There is something about names. Some names strike fear and terror in the heart — the school bully, the abuser, the deadly foe, the arch business rival. Others command respect — the childhood teacher who invested time in us. While still others inspire affection and love — our spouse, or a favourite granny. Even in our modern, often impersonal world of numbers, names are powerful symbols, often invested with deep personal meaning.

As we enter the season of Advent, one name naturally comes to our attention — Jesus. It’s a name we hear daily, whether we’re a Christian or an unbeliever.
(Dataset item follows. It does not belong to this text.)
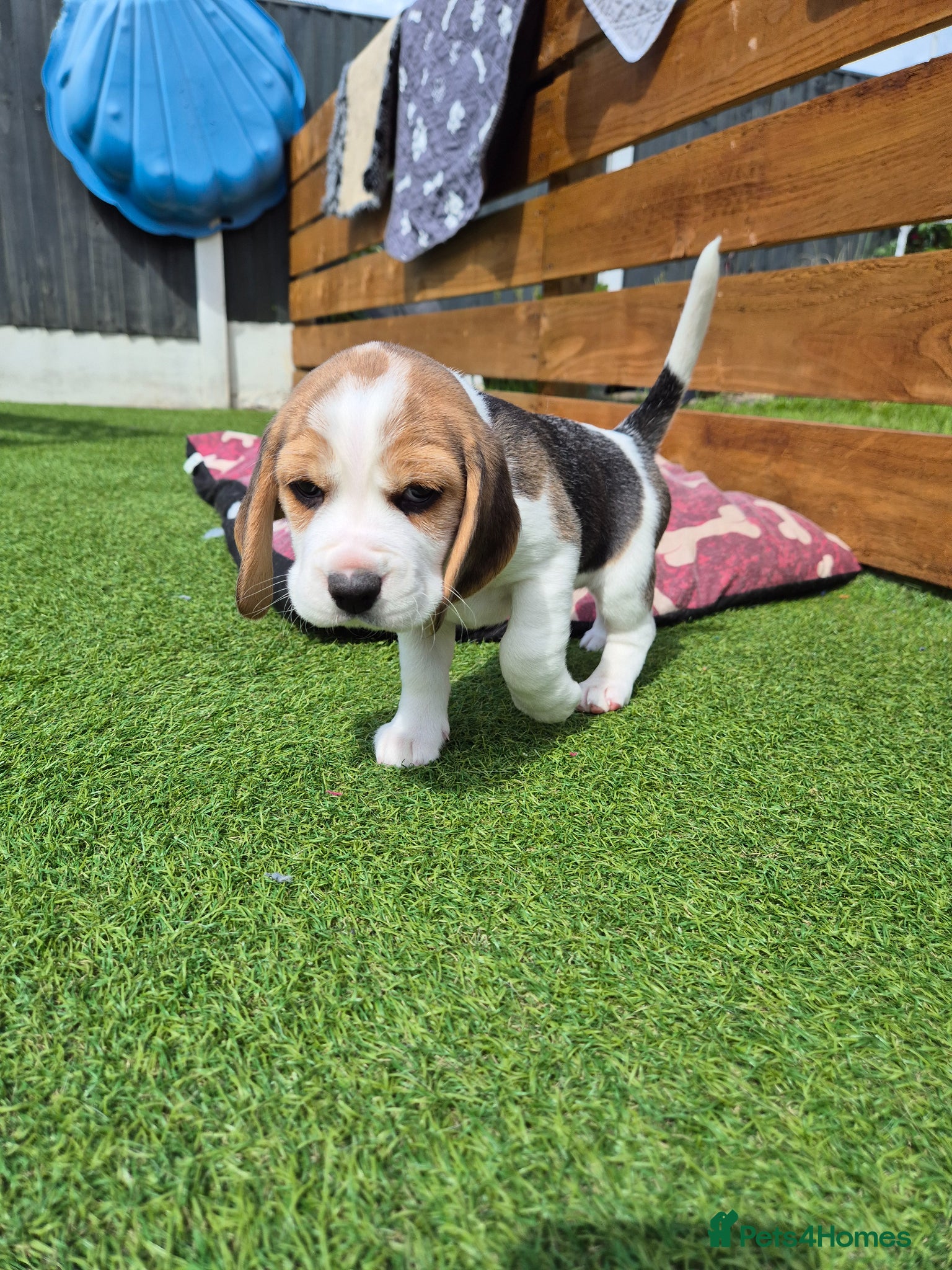 Beagle dogs Kc registered champion show line beagle puppies  - Advert 2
But what does the name Jesus mean to you? Many treat it with a casualness today, nothing more than an expletive, devoid of meaning or significance. Yet it is a name overflowing with meaning and significance. The most famous Jesus wasn’t the first to be called Jesus, nor the last. But he was given the name for very good reason.

Before his birth, Joseph, in whose family he grew up, was told what to call him and why. “He shall be called Jesus for he shall save his people from their sins. (Matthew 1:18). So when John Newton wrote his hymn “How sweet the name of Jesus sounds in a believer’s ear” he began the fourth verse “Jesus! Our Saviour, Shepherd, Friend”.
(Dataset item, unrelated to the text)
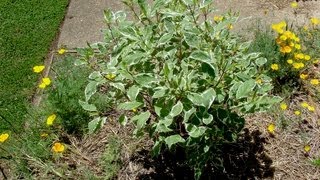 How to grow Dogwood  Gardening 101 by Dr Greenthumb [upl. by Ponzo]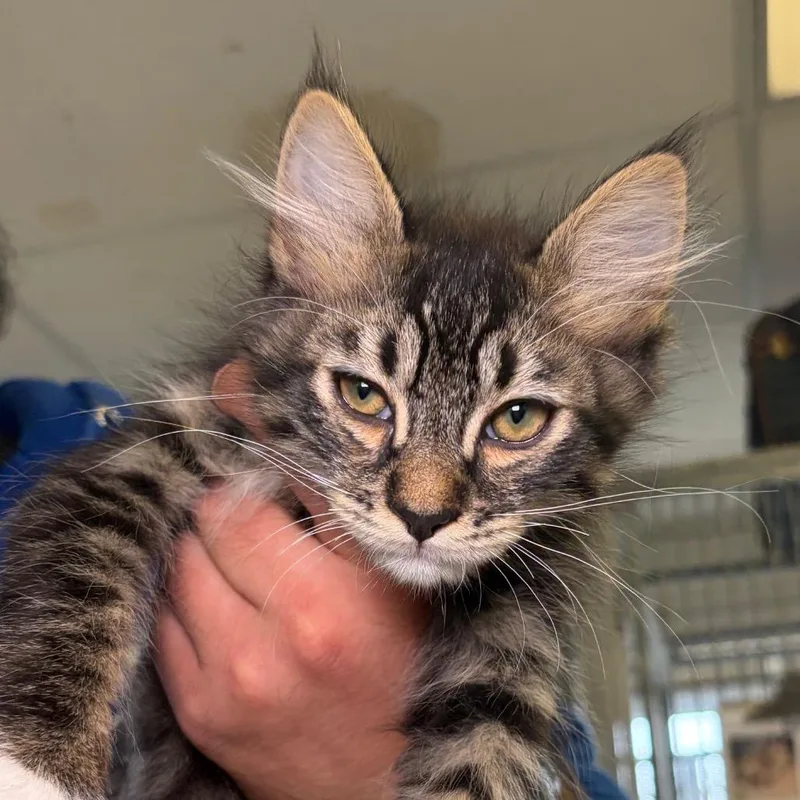 A baby small-sized male White Domestic Medium Hair cat named Crab for adoption in Santa Barbara, CA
There is no better starting place to get to grips with the name for Jesus and its significance. Whatever respect you may have for the name of Jesus, it is only a believer who has experienced Jesus’ saving work in their life who knows the sweetness of that name.

As we enter Advent and begin to reflect on the true meaning of Christmas, we must face the unpalatable truth that the name of Jesus contains. It is sweet in a believer’s ear, but it brings all of us, believers and unbelievers alike, face to face with the dark underbelly of life. If Jesus is a Saviour, then we are in need of saving.

But from what? From our enemies? From ourselves? It is certainly true that we have an Enemy from whom we need saving. And often we are our own worst enemies, thinking and doing things of which we are deeply ashamed.

But Jesus came to save us from something more destructive — our sin. That principle ingrained in us from birth that rebels against God and everything he does and stands for. That principle that means each one of us will one day die, and if it is not dealt with in this life will be the thing that condemns us to eternal death.

That’s the reason Jesus was born: “to save his people from their sins.” Christmas without sin is absolutely meaningless. We might enjoy the tinsel and the trees, the turkey and mince pies, but if we don’t have sin and a Saviour we don’t have Christmas.

What the angel told Joseph, the angel choir announced to the Bethlehem shepherds. “Fear not, for behold, I bring you good news of great joy that will be for all the people. For unto you is born this day in the city of David a Saviour, who is Christ the Lord.” (Luke 2:10, 11)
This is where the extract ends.